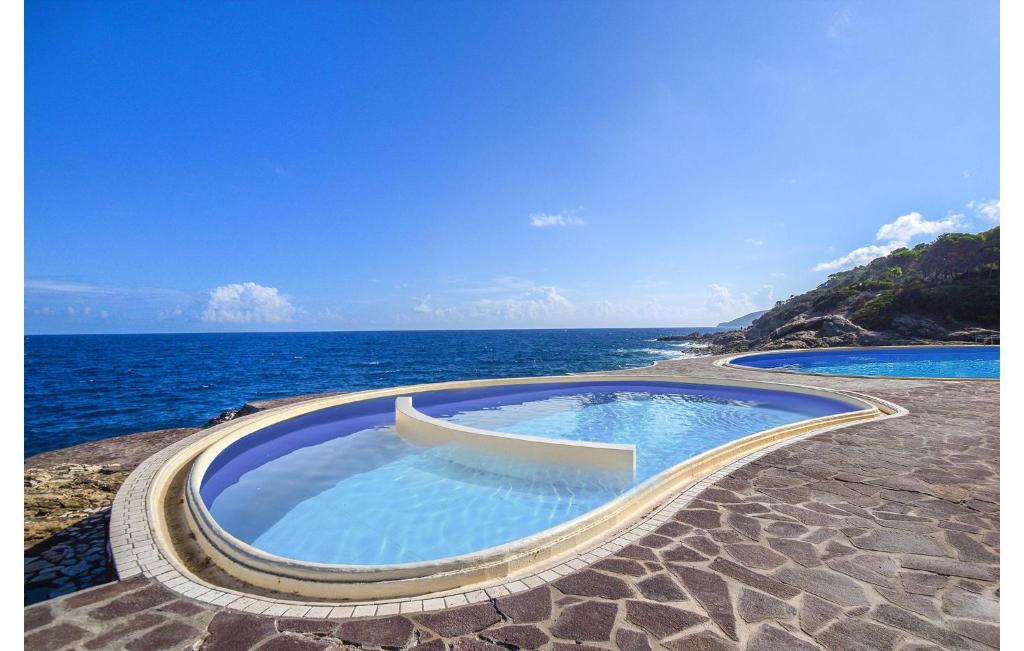 two swimming pools with the ocean in the background at 3 Bedroom Nice Apartment In Rio Marina in Rio Marina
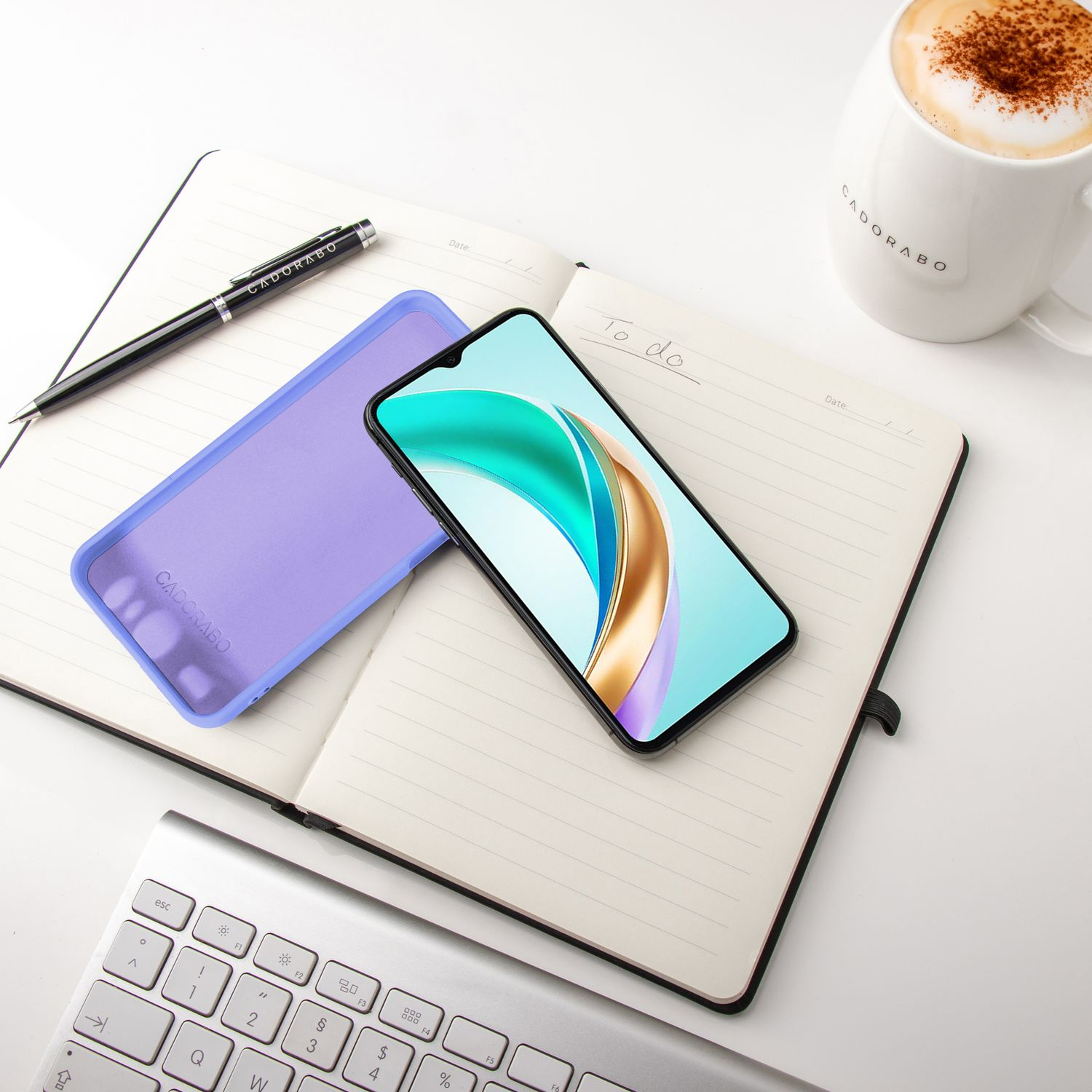 Notizbuch mit Telefon und Hülle, Stift und Kaffeetasse auf weißem Schreibtisch.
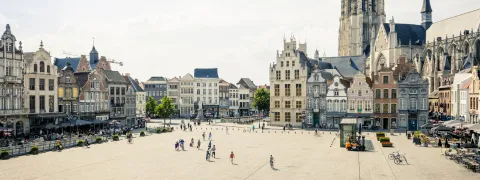 Zicht op de grote markt van Mechelen met de Sint-Romboutstoren op de achtergrond.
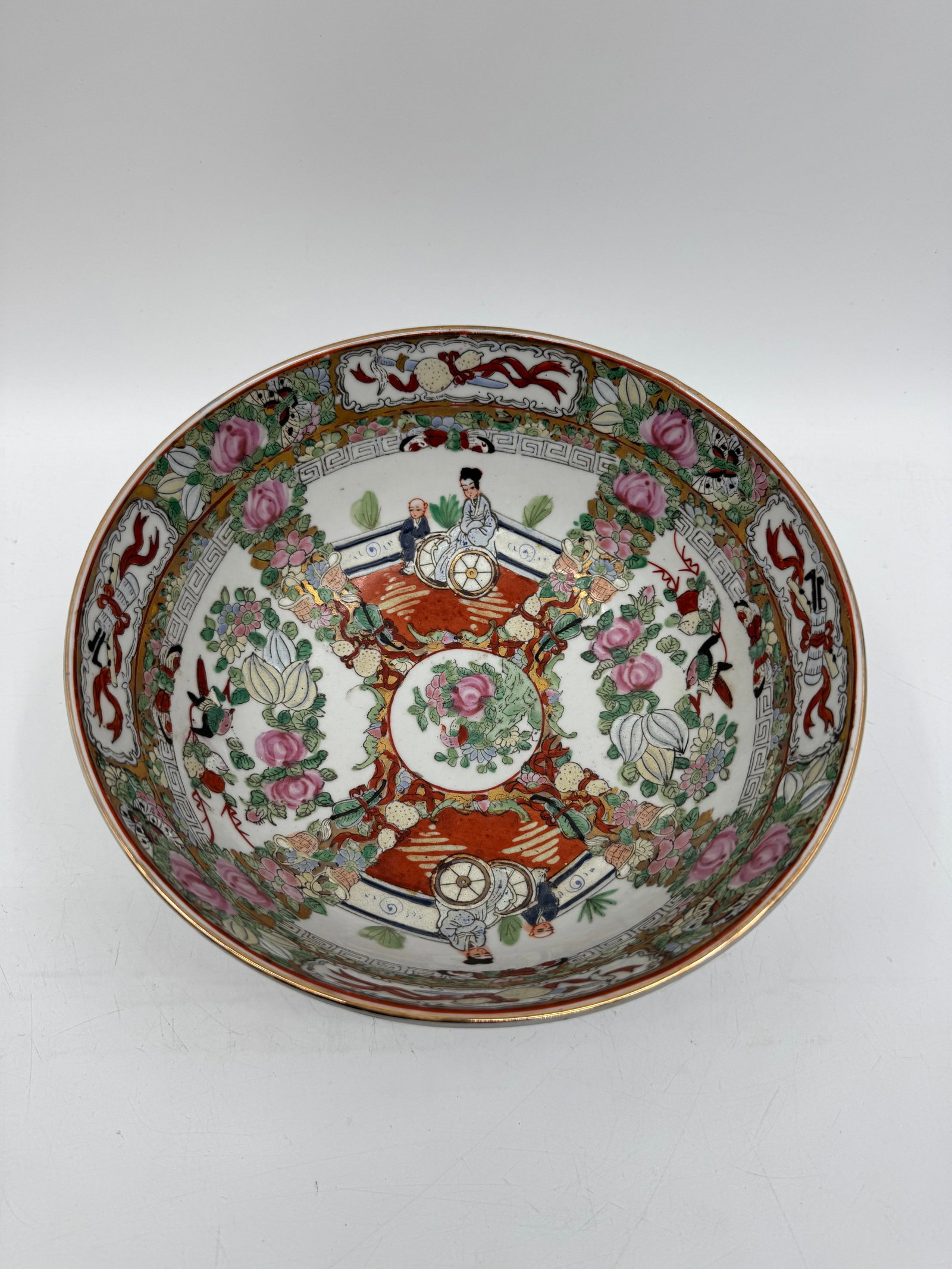 Vintage Chinese Rose Medallion Porcelain Bowl: A Chinese porcelain bowl featuring Rose Medallion pattern. The bowl measures approximately 10 inches in diameter and 4.5 inches in height. Decorated with figures, flowers, and birds. Dimensions: H: 4.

• _Work item_
The complete material, set down exactly and stripped of pictures, is the expected response.

• _Response to the task_
 two swimming pools with the ocean in the background at 3 Bedroom Nice Apartment In Rio Marina in Rio Marina
 Notizbuch mit Telefon und Hülle, Stift und Kaffeetasse auf weißem Schreibtisch.
 Zicht op de grote markt van Mechelen met de Sint-Romboutstoren op de achtergrond.
 Vintage Chinese Rose Medallion Porcelain Bowl: A Chinese porcelain bowl featuring Rose Medallion pattern. The bowl measures approximately 10 inches in diameter and 4.5 inches in height. Decorated with figures, flowers, and birds. Dimensions: H: 4.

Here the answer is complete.